Word for word, copy the lines beginning at the one with "1.8L Slushie Machine" and ending at the last line below; pictures stay out.

╭─ The input

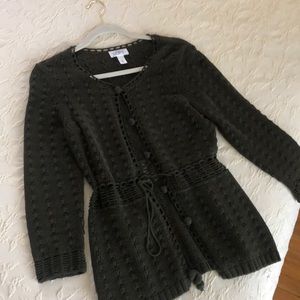 Button down Loft sweater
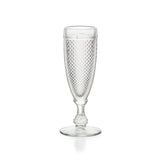 Copa Flauta Bicos Transparente. Set de 4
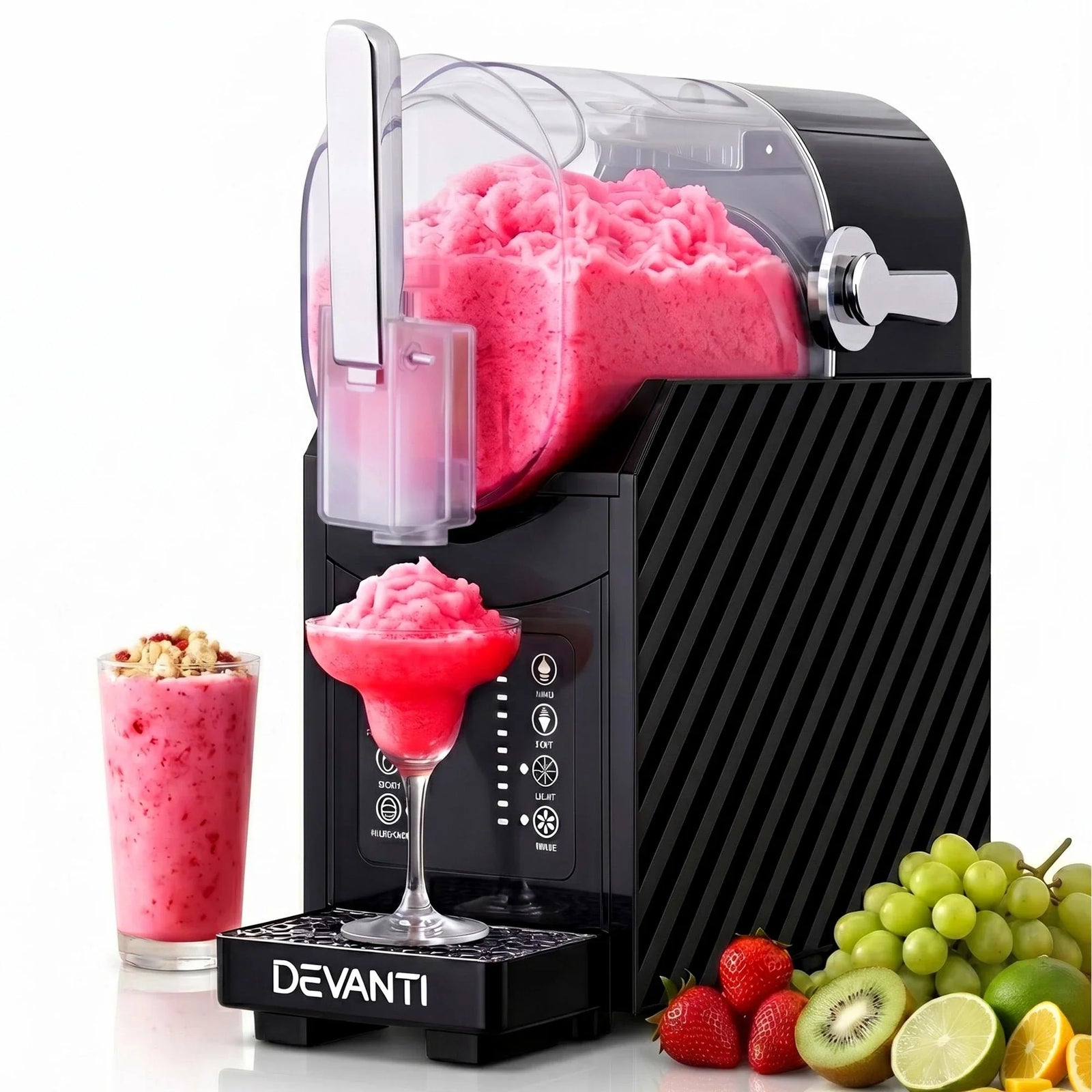 1.8L Slushie Machine Maker Frozen Smoothies Milkshakes Black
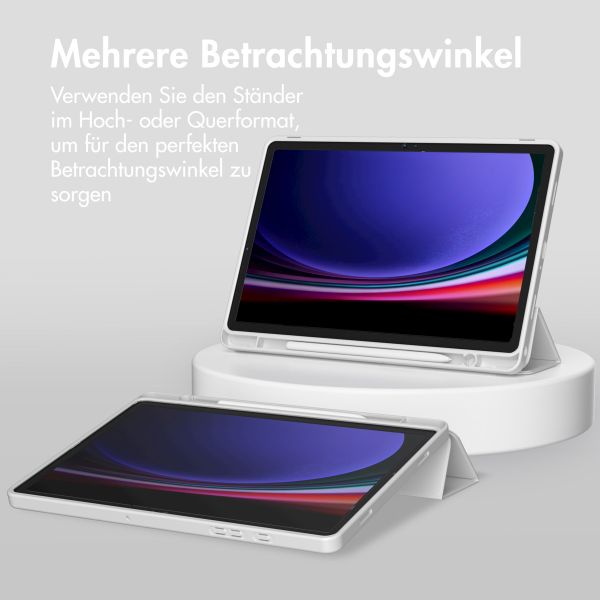 Accezz Smarte Klapphülle aus Silikon Samsung Galaxy Tab A9 Plus - Grau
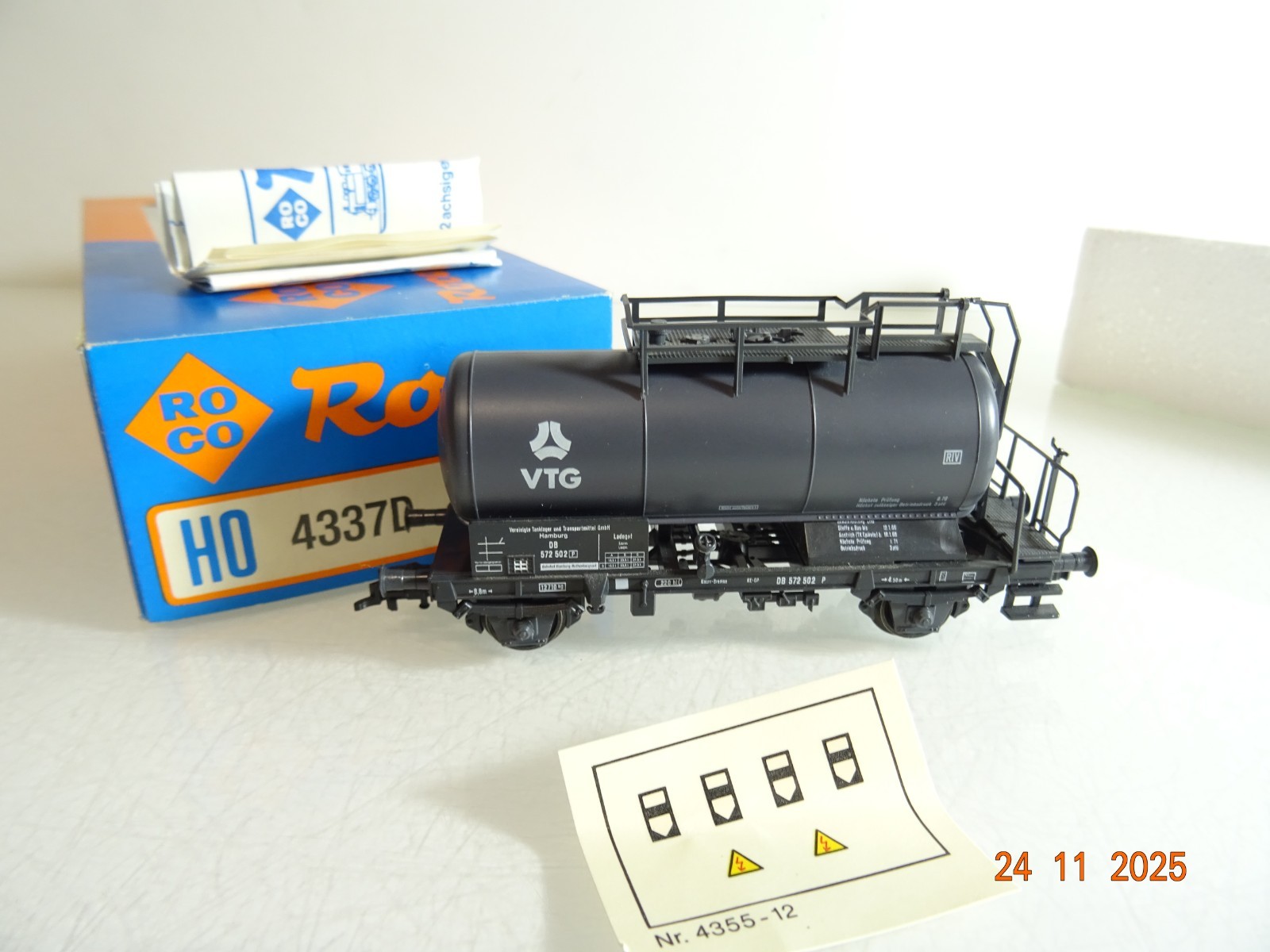 Roco H0 4337D Kesselwagen VTG der DB in OVP RR4808 – Bild 3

╰─

- Solution for this task:
 1.8L Slushie Machine Maker Frozen Smoothies Milkshakes Black
 Accezz Smarte Klapphülle aus Silikon Samsung Galaxy Tab A9 Plus - Grau
 Roco H0 4337D Kesselwagen VTG der DB in OVP RR4808 – Bild 3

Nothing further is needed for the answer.